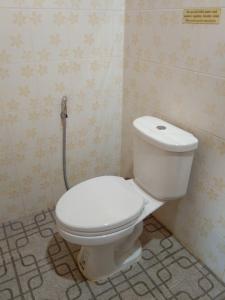 W pokoju znajduje się łazienka z białą toaletą. w obiekcie ํYada Resort Koh Yao Noi w mieście Ko Yao Noi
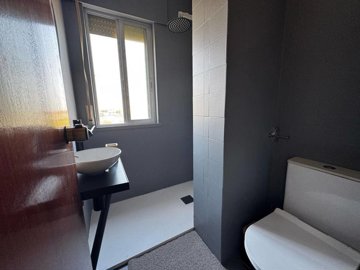 propertyimage1izxbj3uqr20250523043242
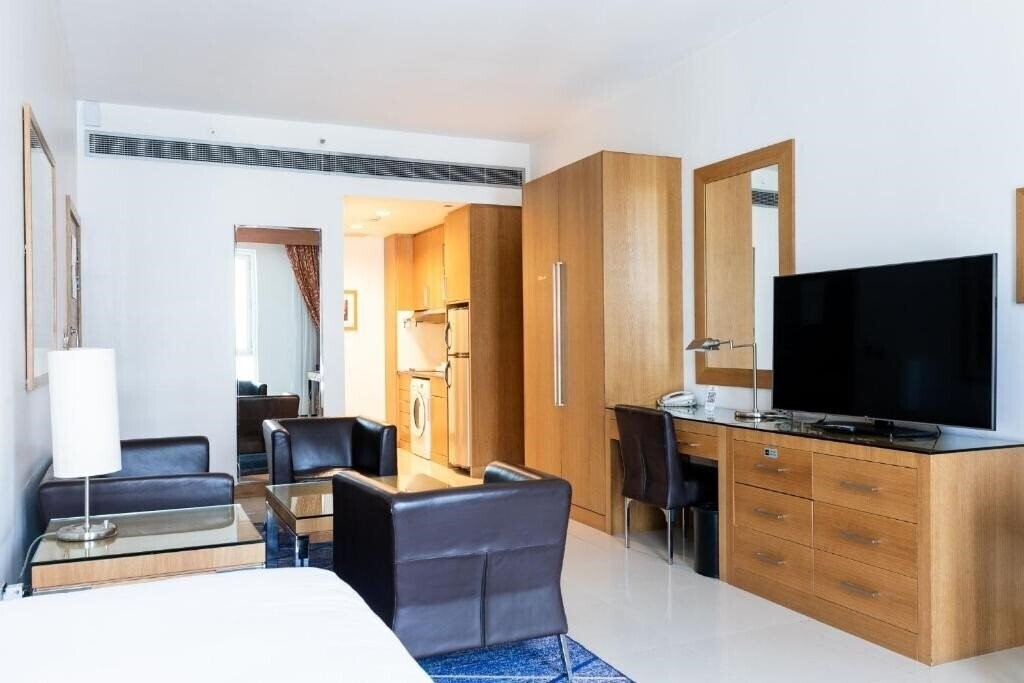 Территория Four Points by Sheraton Bur Dubai (ex. Four Points By Sheraton Downtown Dubai) 4*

——————

Would you restate, word for word, the lines from the one holding "propertyimage1izxbj3uqr20250523043242" through the end of the material above? Omit the pictures.

 propertyimage1izxbj3uqr20250523043242
 Территория Four Points by Sheraton Bur Dubai (ex. Four Points By Sheraton Downtown Dubai) 4*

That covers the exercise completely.